▶ _WHAT IS BEING ASKED_
Nothing but the lines below from the one holding "Certified 2025 Chevrolet" up to and including the one holding "東京都北区 JR王子駅前で実 ..." should be copied, exactly and without pictures.

▶ _INPUT DATA_
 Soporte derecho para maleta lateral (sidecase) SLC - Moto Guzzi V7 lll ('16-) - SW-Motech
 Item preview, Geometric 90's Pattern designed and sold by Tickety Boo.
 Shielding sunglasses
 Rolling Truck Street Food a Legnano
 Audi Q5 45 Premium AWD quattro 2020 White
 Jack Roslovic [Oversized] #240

--

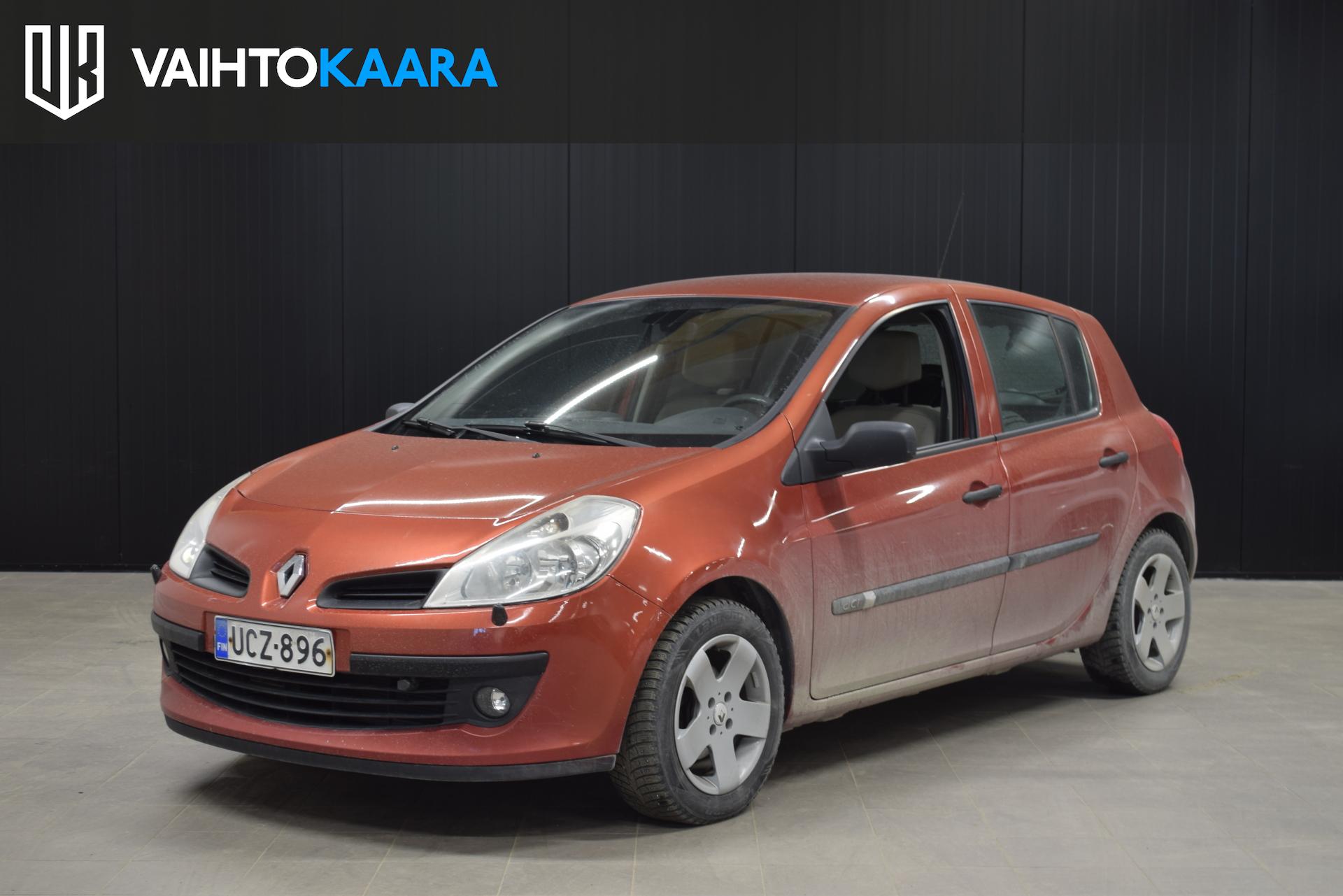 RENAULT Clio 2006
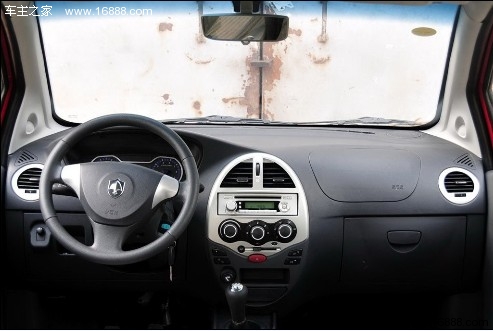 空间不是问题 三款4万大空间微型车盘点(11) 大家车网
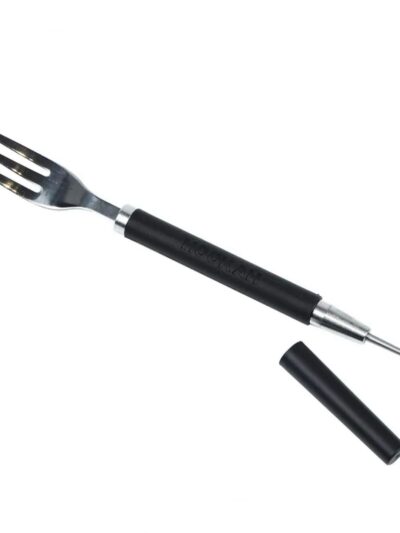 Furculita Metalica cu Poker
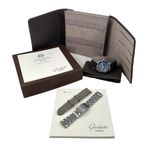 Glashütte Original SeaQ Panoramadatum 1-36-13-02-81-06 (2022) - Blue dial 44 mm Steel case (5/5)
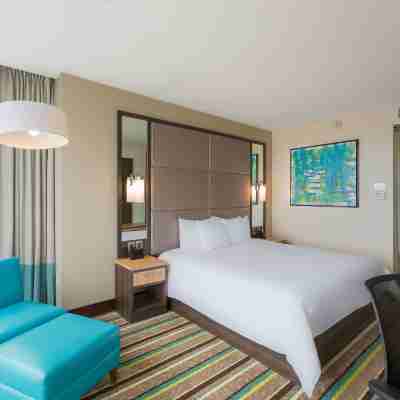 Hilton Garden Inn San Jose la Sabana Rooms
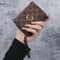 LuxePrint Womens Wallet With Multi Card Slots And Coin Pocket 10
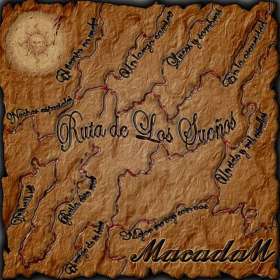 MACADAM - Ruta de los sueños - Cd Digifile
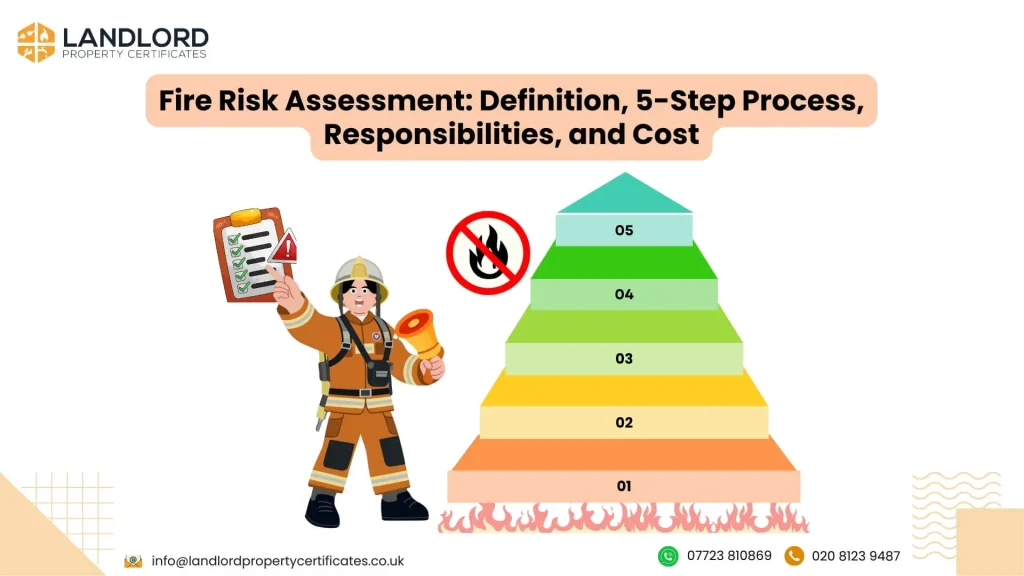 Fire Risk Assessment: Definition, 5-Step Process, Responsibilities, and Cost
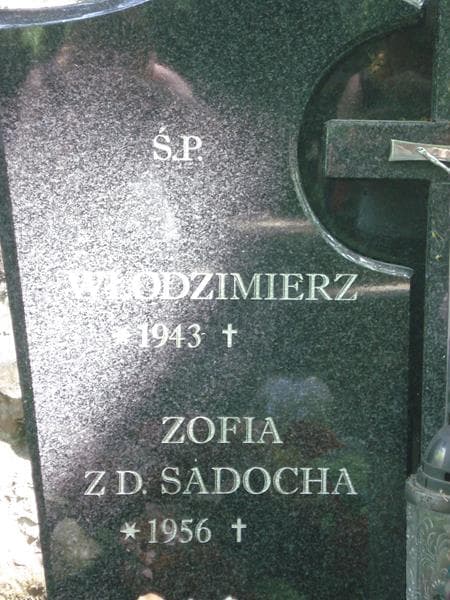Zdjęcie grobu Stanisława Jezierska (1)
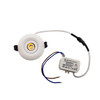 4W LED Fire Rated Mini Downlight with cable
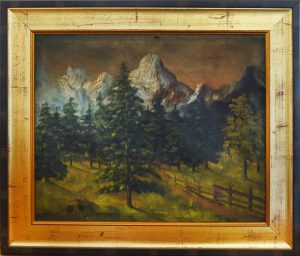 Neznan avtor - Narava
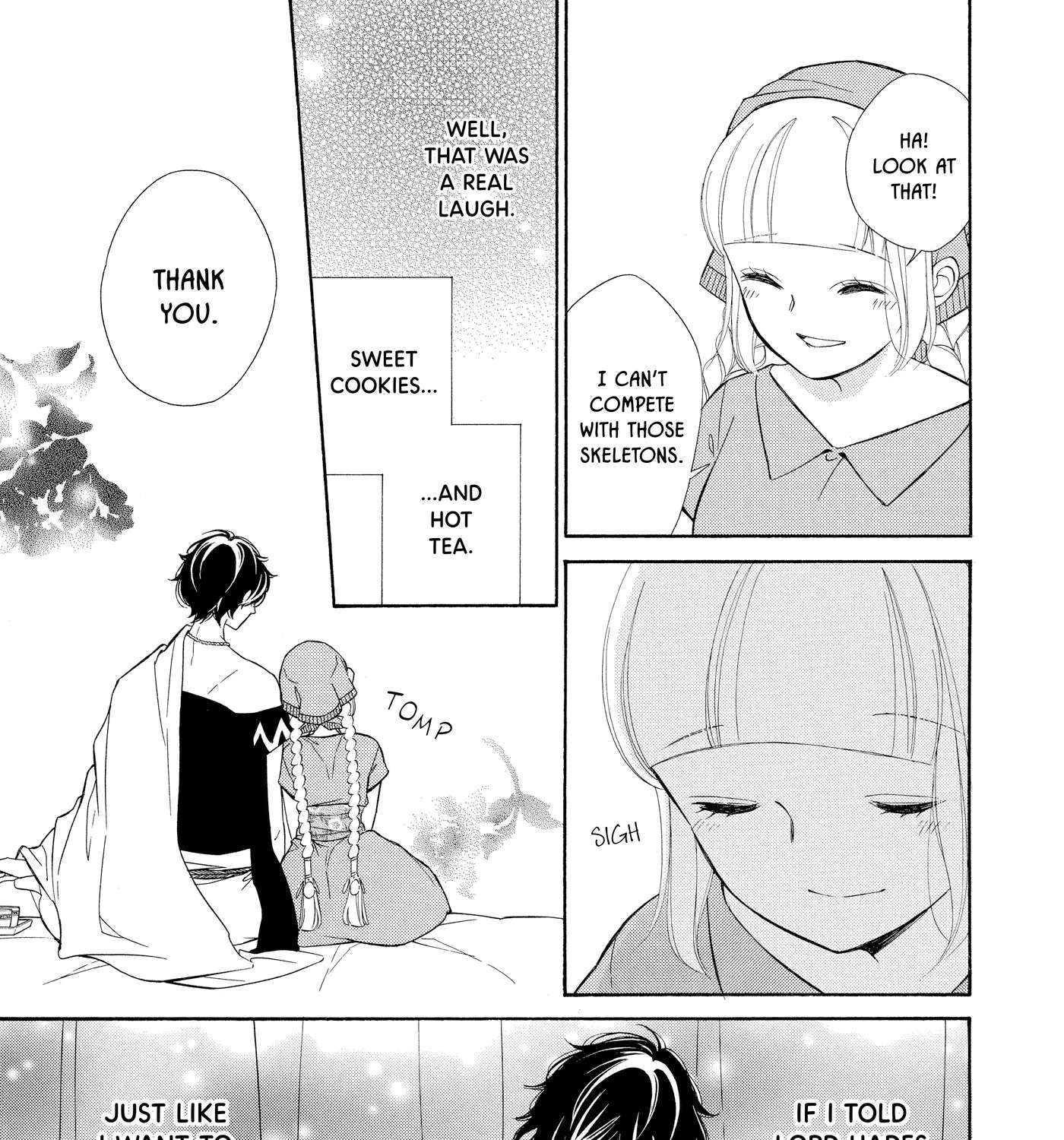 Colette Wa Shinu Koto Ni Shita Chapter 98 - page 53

* * *

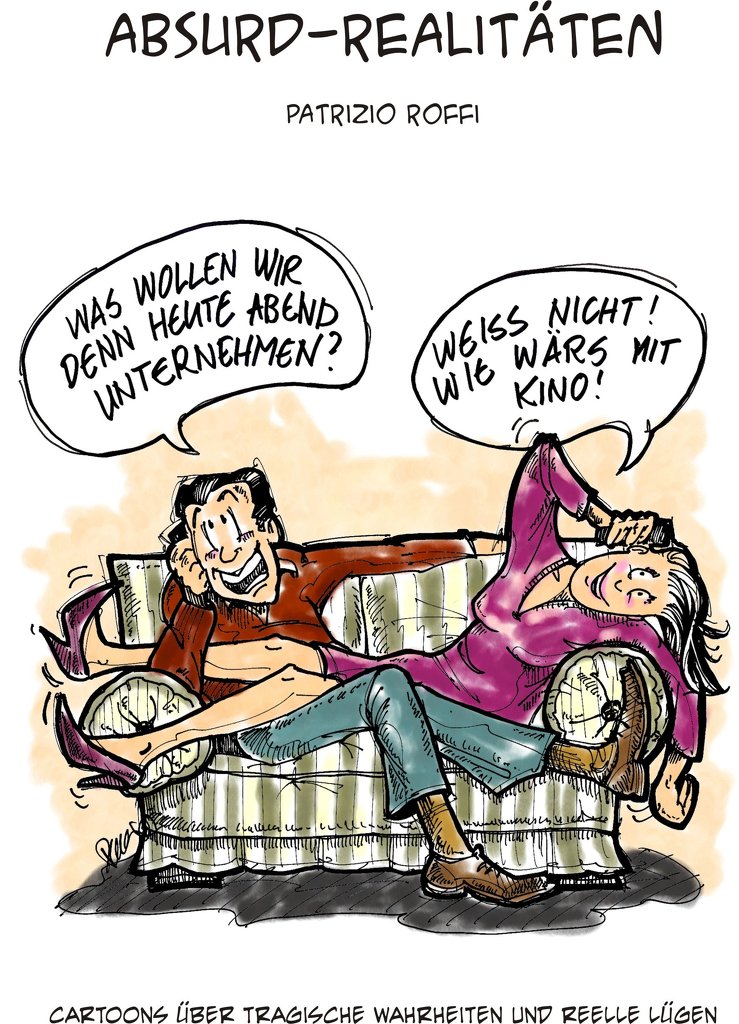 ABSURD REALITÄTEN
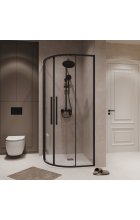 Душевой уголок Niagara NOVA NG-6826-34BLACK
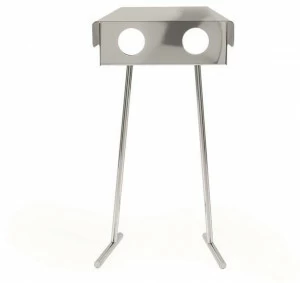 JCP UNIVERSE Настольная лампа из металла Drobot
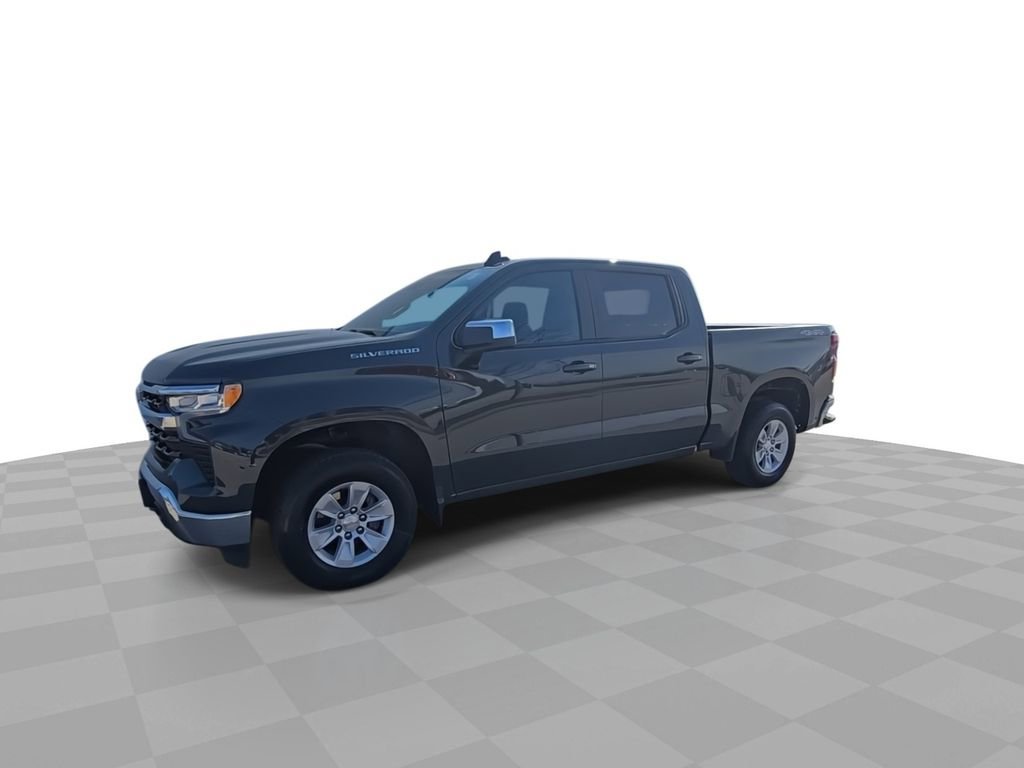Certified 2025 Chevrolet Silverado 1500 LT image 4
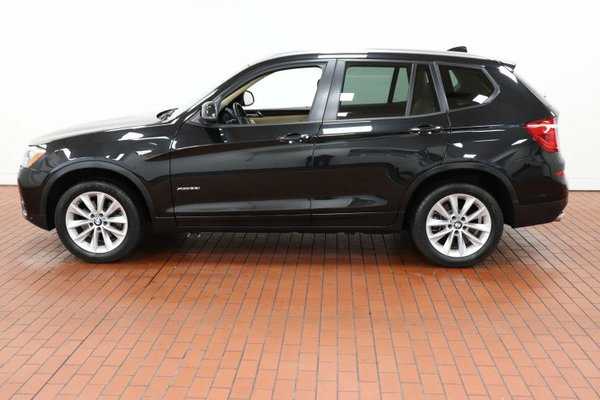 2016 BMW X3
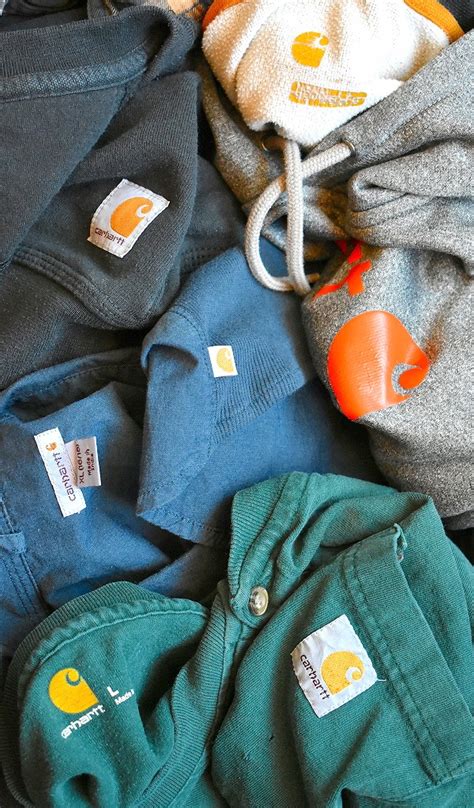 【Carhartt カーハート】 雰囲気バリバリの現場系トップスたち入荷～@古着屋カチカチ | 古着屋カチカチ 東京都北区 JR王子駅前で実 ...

▶ _RESPONSE TO THE TASK_
Certified 2025 Chevrolet Silverado 1500 LT image 4
 2016 BMW X3
 【Carhartt カーハート】 雰囲気バリバリの現場系トップスたち入荷～@古着屋カチカチ | 古着屋カチカチ 東京都北区 JR王子駅前で実 ...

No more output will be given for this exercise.